The Glebe was a literary magazine edited by Alfred Kreymborg and Man Ray from 1913 to 1914. The first issue was published from Ridgefield, New Jersey, while the rest of the run was published in New York by Alfred & Charles Boni. Ten issues were produced, with a circulation of 300.[1] Issue number 5 comprised the first anthology of Imagism: Des Imagistes.[2]
Vol. 1, No. 1 - September 1913 - Adolf Wolff: Songs, Sighs and Curses (collected poems).[3]

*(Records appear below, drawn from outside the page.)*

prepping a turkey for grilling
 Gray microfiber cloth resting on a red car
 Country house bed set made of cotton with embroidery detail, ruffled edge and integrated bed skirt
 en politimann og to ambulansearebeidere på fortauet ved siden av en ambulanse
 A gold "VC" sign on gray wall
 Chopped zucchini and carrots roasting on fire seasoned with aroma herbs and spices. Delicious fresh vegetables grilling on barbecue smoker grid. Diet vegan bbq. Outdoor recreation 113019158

Vol. 1, No. 2 - October 1913 - Wallace E. Baker: Diary of a Suicide (diary).[4]
Vol. 1, No. 3 - December 1913 - Charles Demuth: The Azur Adder (play).
Vol. 1, No. 4 - January 1914 - Leonid Andreyev: Love of One's Neighbor (play, translated by Thomas Seltzer)
Vol. 1, No. 5 - February 1914 - Ezra Pound (editor): Des Imagistes: An Anthology (poetry by 11 authors)
Vol. 1, No. 6 - March 1914 - Alfred Kreymborg: Erna Vitek (novel).
Vol. 2, No. 1 - April 1914 - Horace L. Traubel: Collects (essays).[5]
Vol. 2, No. 2 - September 1914 - George W. Cronyn: Poems [6]
Vol. 2, No. 3 - October 1914 - Frank Wedekind: Erdgeist (Earth Spirit; translated play in verse).
Vol. 2. No. 4 - November 1914 - Frank Wedekind: Pandora's Box (translated play).